● **Supplied data**:
○ ○ ○ ○ ○
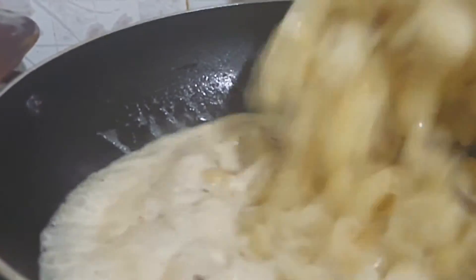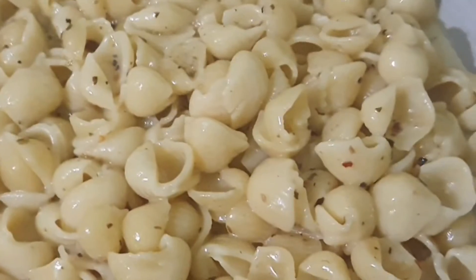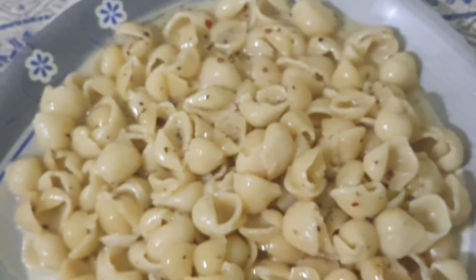I don't have pasta, but I do have macaroni. Before I tried the chili sauce and I really liked it, so I can try this one as well.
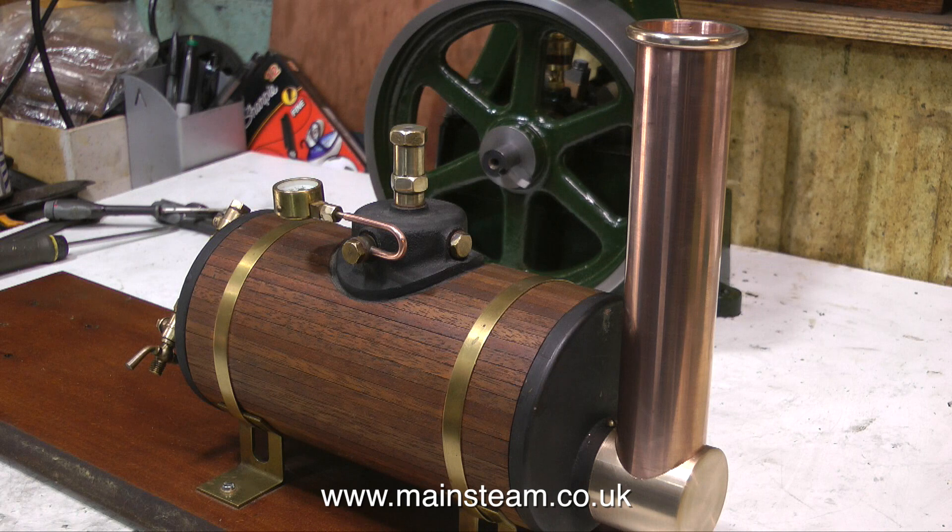I cleaned up the chimney using some Brasso wadding and fitted it in place. Once the bottom part is painted black, I think it's going to look really well. That's it for this one. Thanks for watching, and I hope you found it useful.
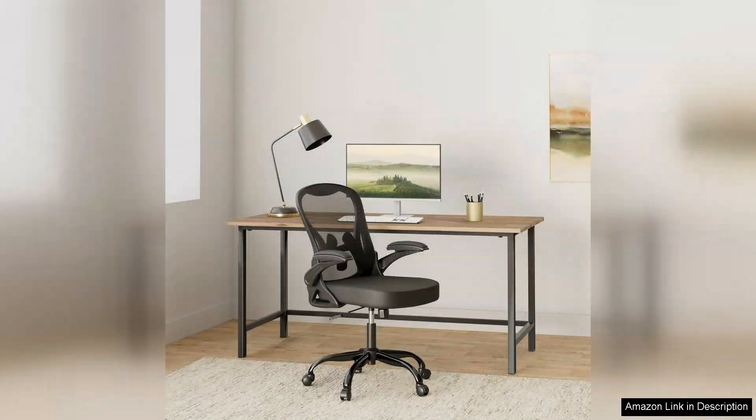I recently purchased the office chair desk chair and it's been a game changer for my home office setup. The ergonomic design is one of its standout features. The mesh back provides excellent ventilation, preventing me from overheating during long work sessions.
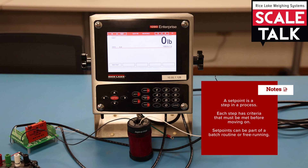We can configure the set points to be part of what we would call a batch routine, or we can configure them to operate independently, outside of a batch routine.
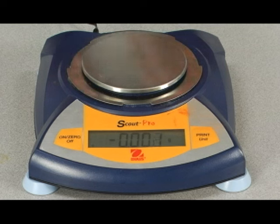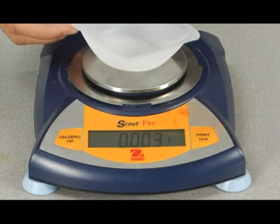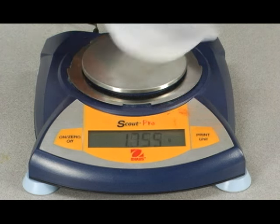There are two ways we're going to be massing out things on this balance. One, we'll be using a piece of paper, or we'll be using a weighing boat. I'll be using the weighing boat.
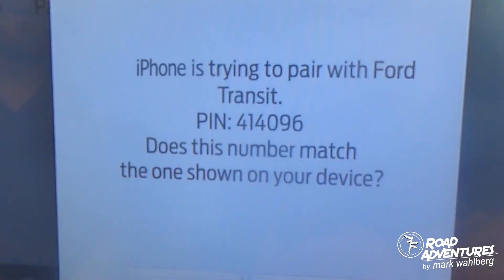The final step is confirming that the PIN number on your dashboard is the same as the PIN number on your cell phone. If they are correct, simply hit yes, and then your device will be paired with the vehicle.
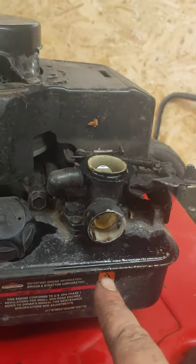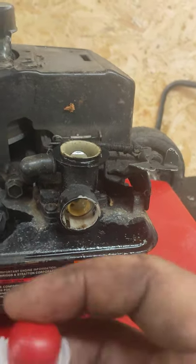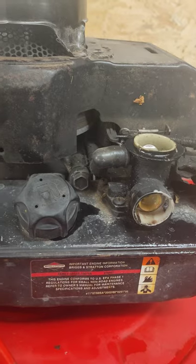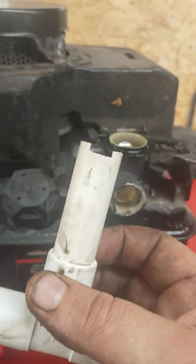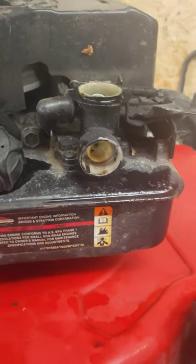Briggs and Stratton classic engine primer bulb was split. You can get the new primer bulbs off eBay or Amazon, wherever you like. They do make a tool for these — you can just put a 14mm socket on. But my mate made me one out of a bit of toilet roll tube or waste pipe, a little tool for putting in these Briggs and Stratton primer bulbs.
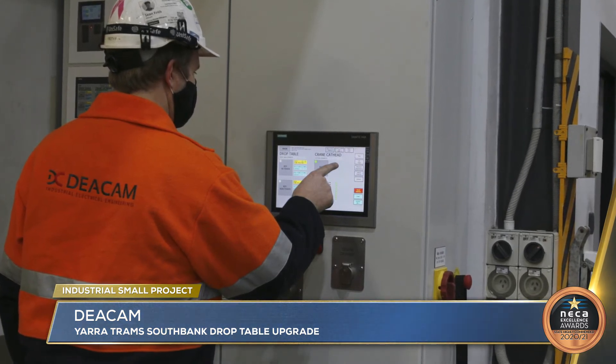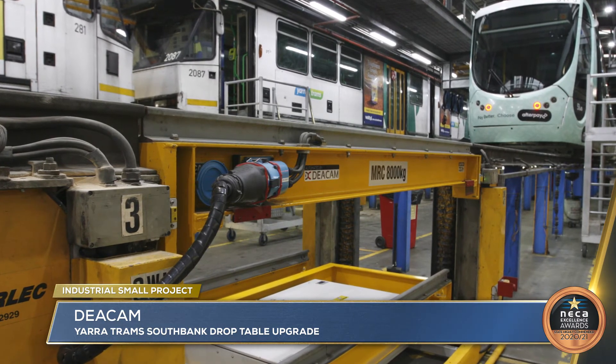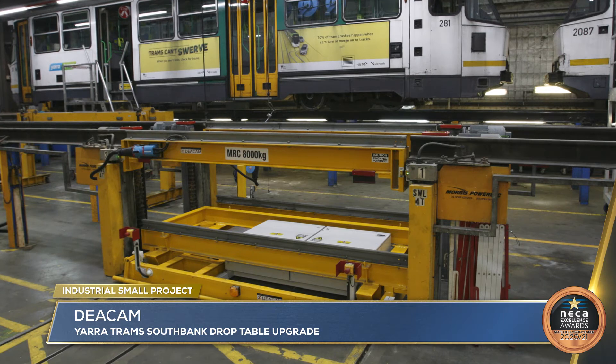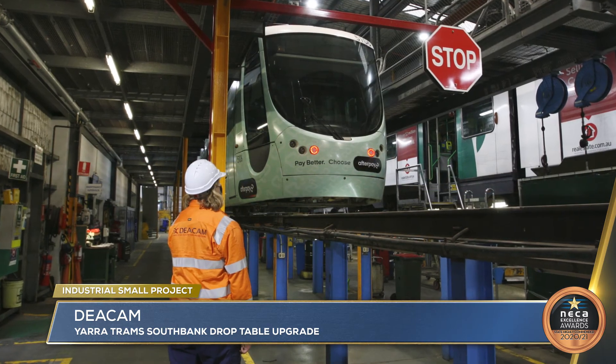Using cutting edge technology, Decam upgraded the electrical and control systems associated with the drop table and its traversing shuttle, enabling full safety ratings on the mobile hoisting device for the heavy tram bogeys.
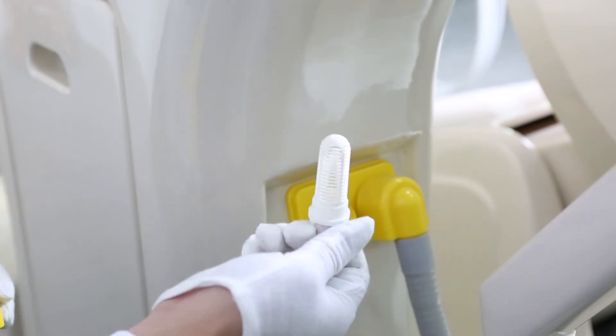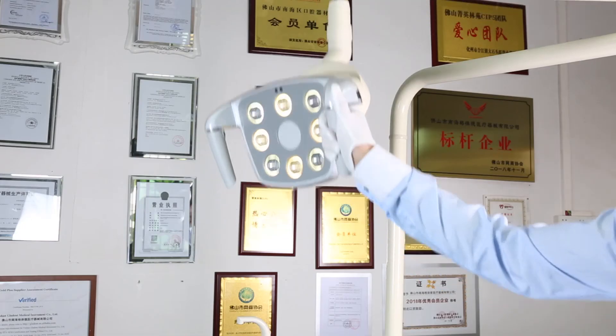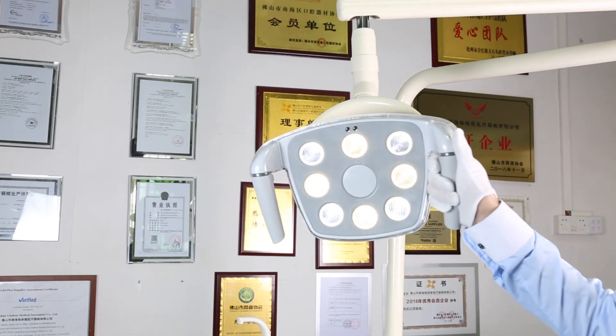The suction filter is easy to take out and clean. The luxury LED sensor lamp is easy to operate. For more details, please contact us.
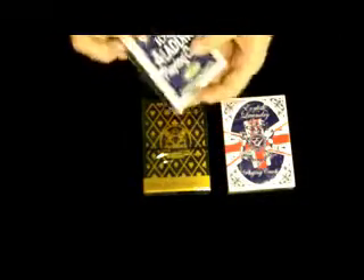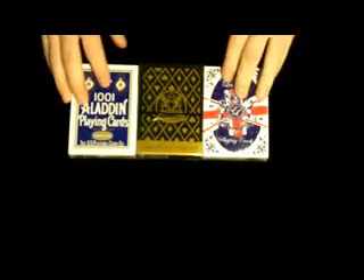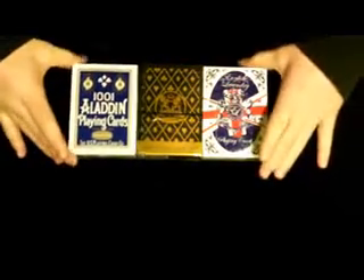Alright, so the decks I got were a 101 Aladdin deck, blue, a Masa deck, and then English Laundry playing cards — these are made by Dan and Dave, this is their actual own design, I do believe. So there will be deck reveals and reviews on each of these.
○ ○ ○ ○ ○
The expected output is the lines above from the one containing "There are two" to the one containing "The final step", both ends included, reproduced exactly with every picture left out.

There are two ways we're going to be massing out things on this balance. One, we'll be using a piece of paper, or we'll be using a weighing boat. I'll be using the weighing boat.
The final step is confirming that the PIN number on your dashboard is the same as the PIN number on your cell phone. If they are correct, simply hit yes, and then your device will be paired with the vehicle.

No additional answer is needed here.